O superávit comercial da China alcançou US$ 105,43 bilhões em maio, acima dos US$ 84,8 bilhões registrados em abril e superior à previsão de US$ 92,1 bilhões.

Os números mais recentes sugerem que a capacidade industrial excedente da China continua contribuindo para parte desse crescimento das exportações.

As vendas para a Europa cresceram 7,6% em maio na comparação anual, enquanto as exportações para os Estados Unidos avançaram 35,4% e para o Sudeste Asiático aumentaram 24,3%.

As importações provenientes da Coreia do Sul dispararam 83,6%. A China é o principal mercado para os chips sul-coreanos.

Terras-raras em destaque

A influência econômica da China também repercute no mercado de petróleo. O maior comprador mundial de energia surpreendeu o mercado ao reduzir suas aquisições. As importações de petróleo bruto caíram 29% em maio, atingindo o menor nível em oito anos, ajudando a conter os preços globais e a amortecer parcialmente o choque energético provocado pela guerra do presidente dos EUA, Donald Trump, contra o Irã.
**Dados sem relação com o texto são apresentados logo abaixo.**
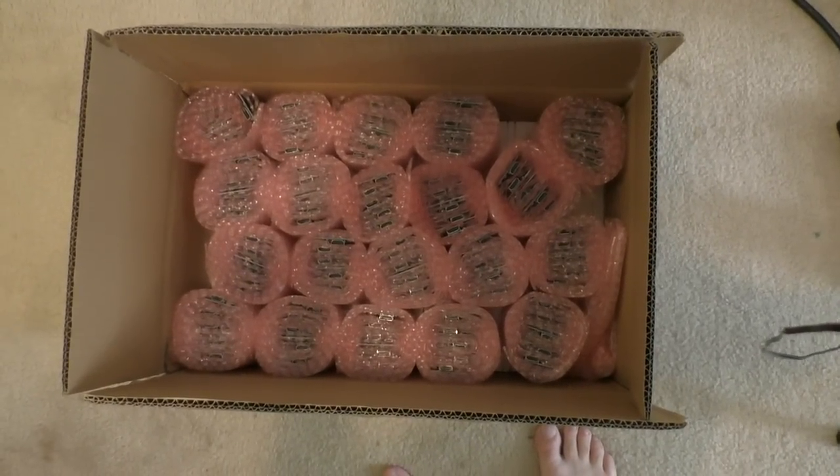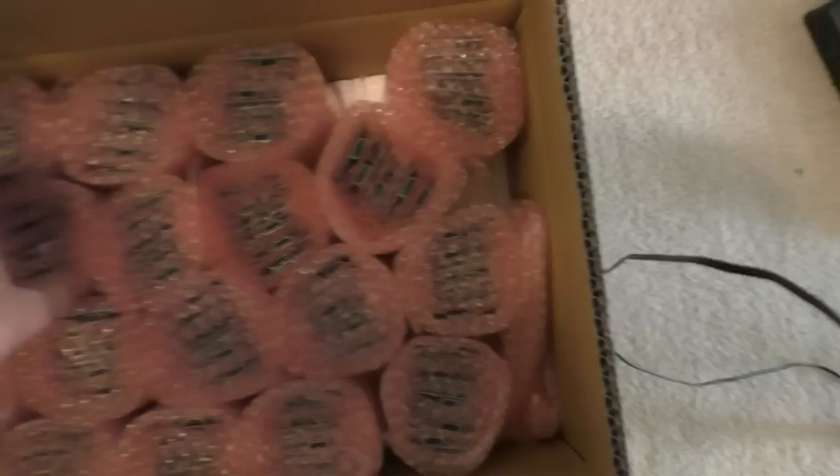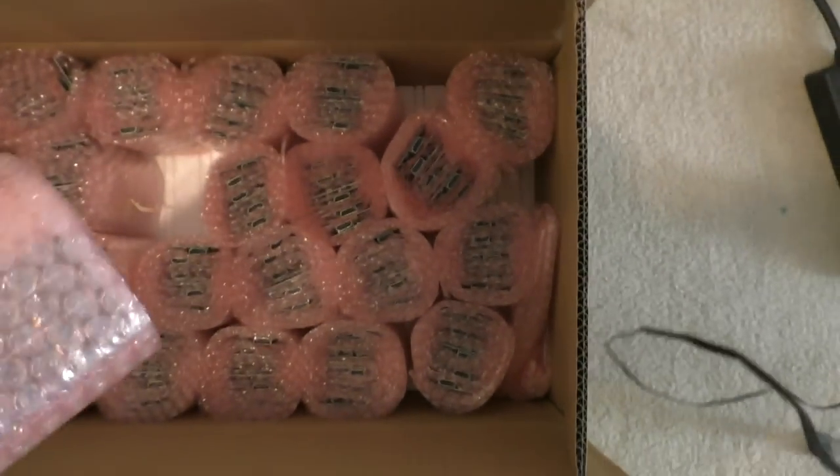Circuit boards have arrived! Welcome again — this is update number 10 of the hi-def NES project and we are in the home stretch. I have circuit boards all ready to go, I got the interposers, I got cables, I think I have everything I need, and I got plenty of circuit boards.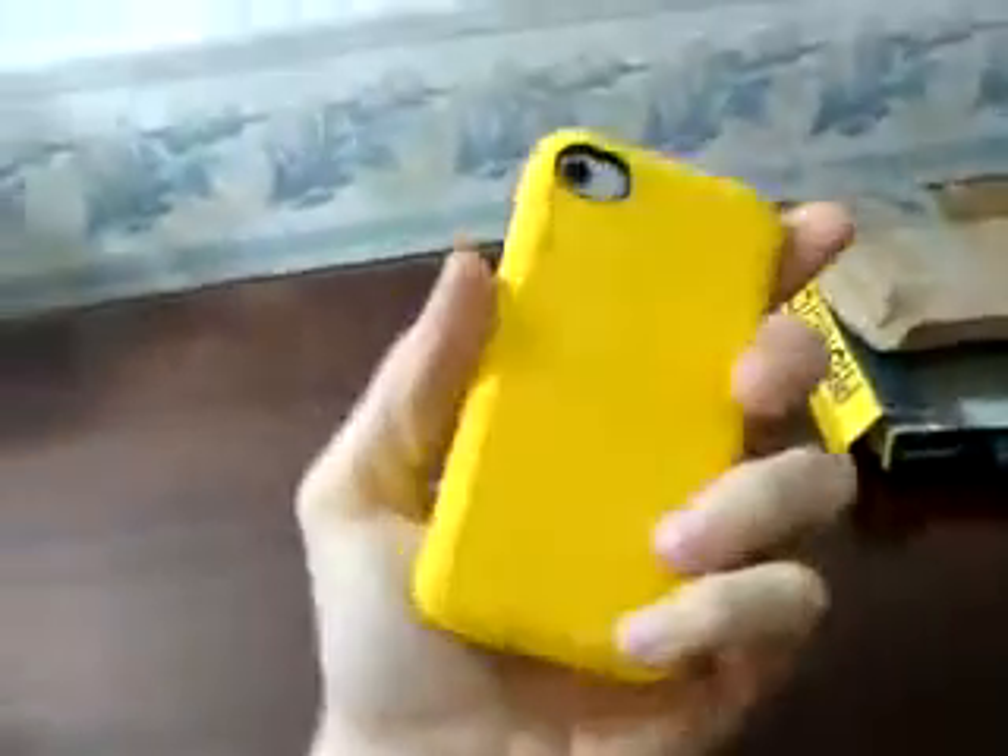And I'm going to put this over the iPhone — show you guys how it looks. Nice snug fit already, which is good. There it is. Looking good.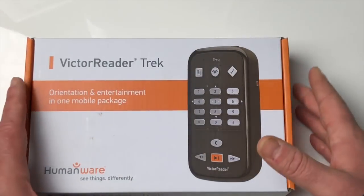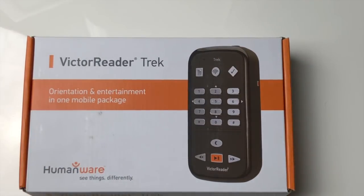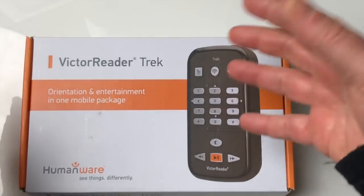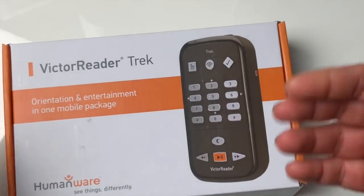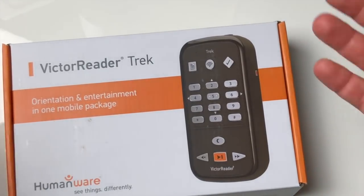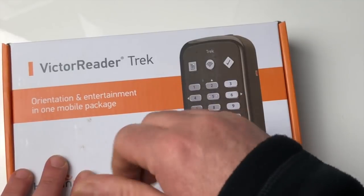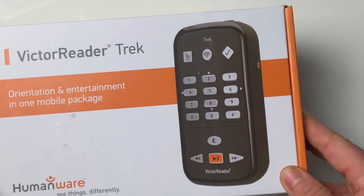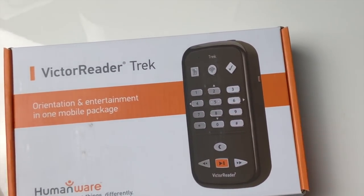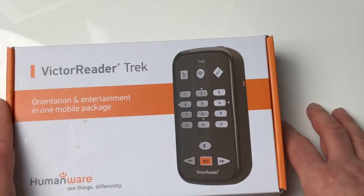Aujourd'hui on va faire ça par étapes. Je préfère vous faire le unboxing, le déballage de cette boîte. Pour les gens qui vont faire l'acquisition, ils pourront se référer à cette vidéo pour voir tous les éléments sortir de la boîte. Il y aura plusieurs vidéos sur cet appareil — on fera ensemble le premier démarrage, comment créer des routes, etc. N'hésitez pas à vous abonner à la chaîne, à liker et à partager. On rentre donc dans le déballage du nouveau Victor Reader Trek : un nouveau GPS, lecteur livre, radio.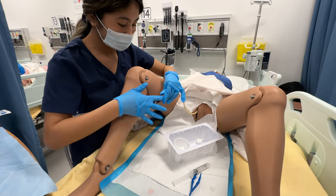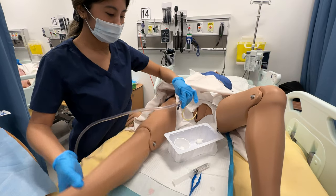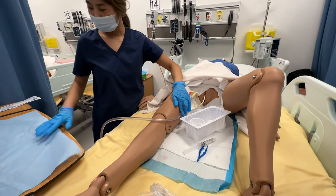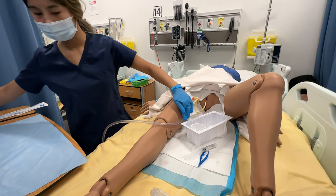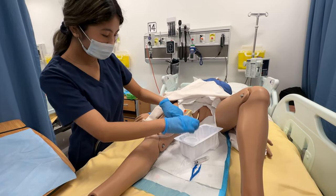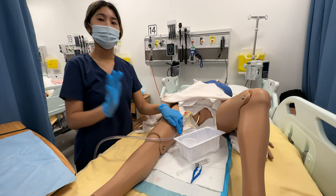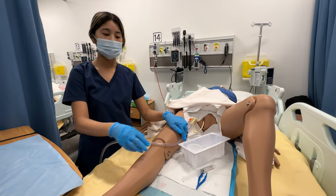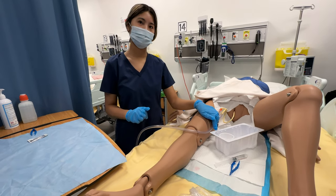Okay, once that's attached to the drainage tube, I can reposition my patient. I'll attach the catheter to the side with some tape. After that, we're going to remove our gloves, perform patient clean-up, clean our sterile tray, and then we're all done. Perform hand hygiene. Thank you.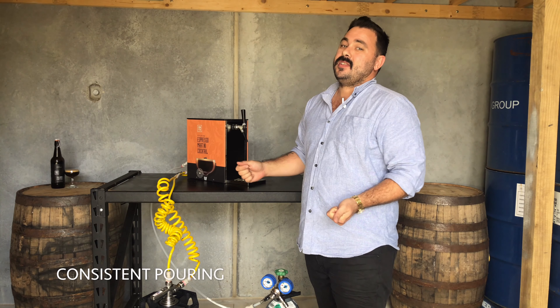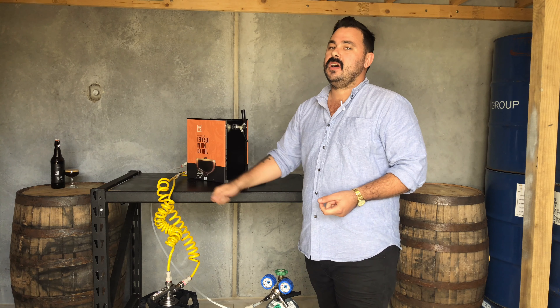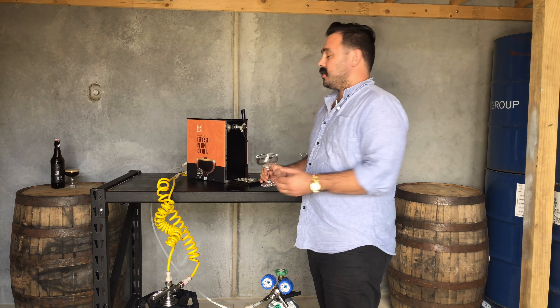The cool thing with the unit, when the bar is heaving, we can pump out so many espresso martinis one after the other and they're all going to be so consistent with the crema. The perfect pour every time, time after time. So right now I'm going to pour five in a row, you can see how that works.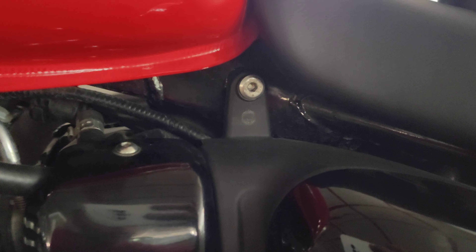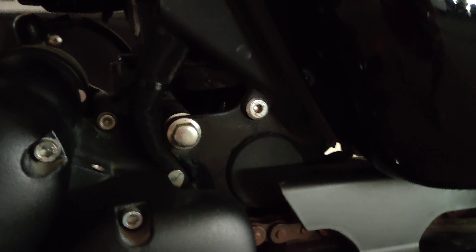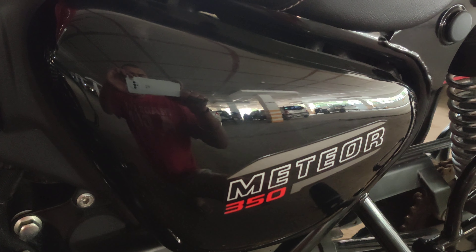You see one Allen key bolt here — that's the one you remove on top, and the second one you remove is here. Then you come here and pull it forwards, and this whole panel comes out. We're going to put this back on. I've already disconnected the main lead of the battery, and we'll see how it goes.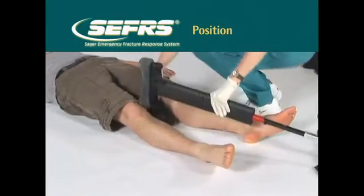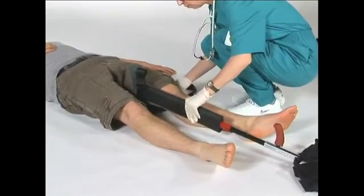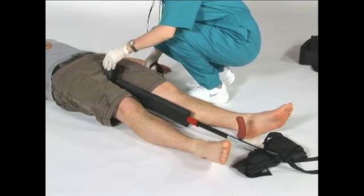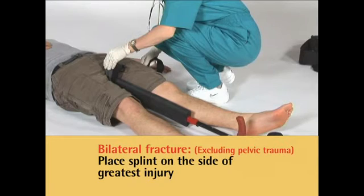Position the Sager SX405 between the patient's legs, resting the ischial peroneal cushion or saddle against the ischial tuberosity with the shortest end of the articulating base towards the ground. In the case of a unilateral fracture, the splint should be placed in the perineum on the side of the injury. In bilateral fractures, excluding pelvic trauma, the side with the greatest degree of injury should be the side of placement.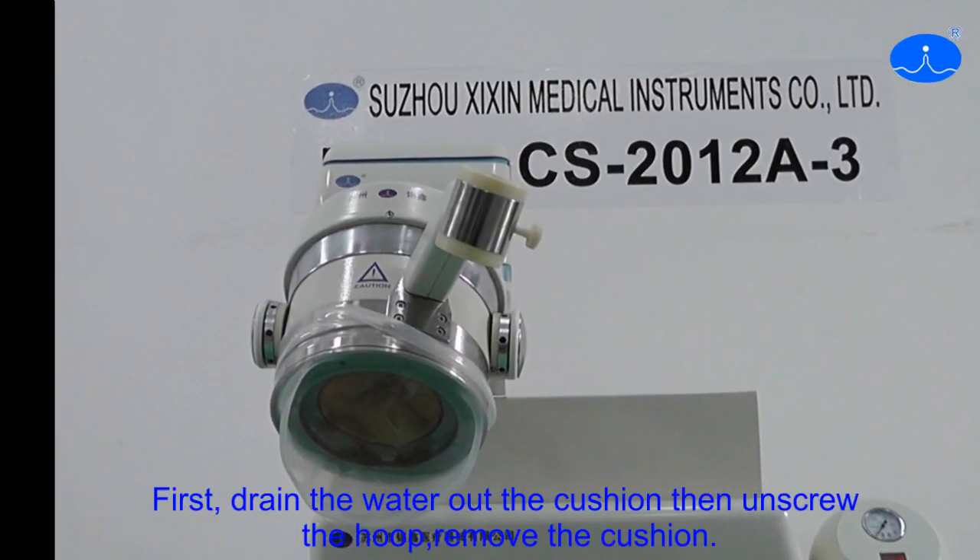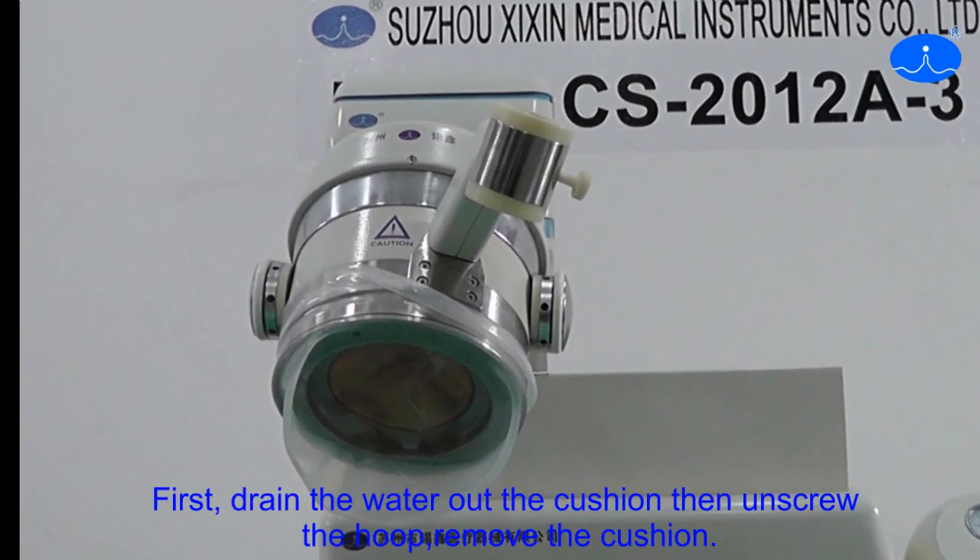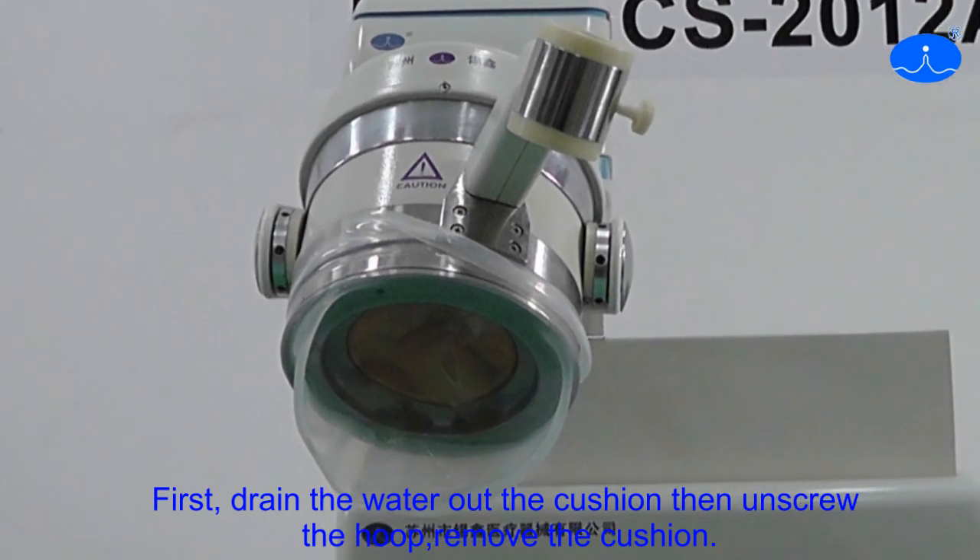First, drain the water from the outer cushion, then unscrew the hoop removing the cushion.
Uma reunião realizada no mês passado entre Trump e o presidente chinês, Xi Jinping, ajudou a reduzir as tensões entre as duas potências, mas não produziu avanços significativos, nem nas disputas tarifárias nem na cooperação para encerrar o conflito com o Irã.

Por outro lado, as exportações chinesas de terras-raras atingiram o maior nível em quatro meses. O maior produtor mundial embarcou 5.490 toneladas métricas do grupo de 17 elementos essenciais para veículos elétricos, turbinas eólicas e tecnologias de defesa — outro ponto de atrito nas relações comerciais entre Pequim e o Ocidente.

Segundo Sheana Yue, economista sênior da Oxford Economics, as vantagens da China em escala, cadeias de suprimentos e capacidade industrial a colocam em posição favorável para absorver atritos comerciais com o Ocidente, incluindo propostas de aumento de tarifas dos Estados Unidos.

“Continuamos esperando que as exportações sejam o principal motor de crescimento da China em 2026, sustentadas pelos produtos de alta tecnologia e tecnologias limpas, apesar dos desafios à demanda global decorrentes dos conflitos”, afirmou.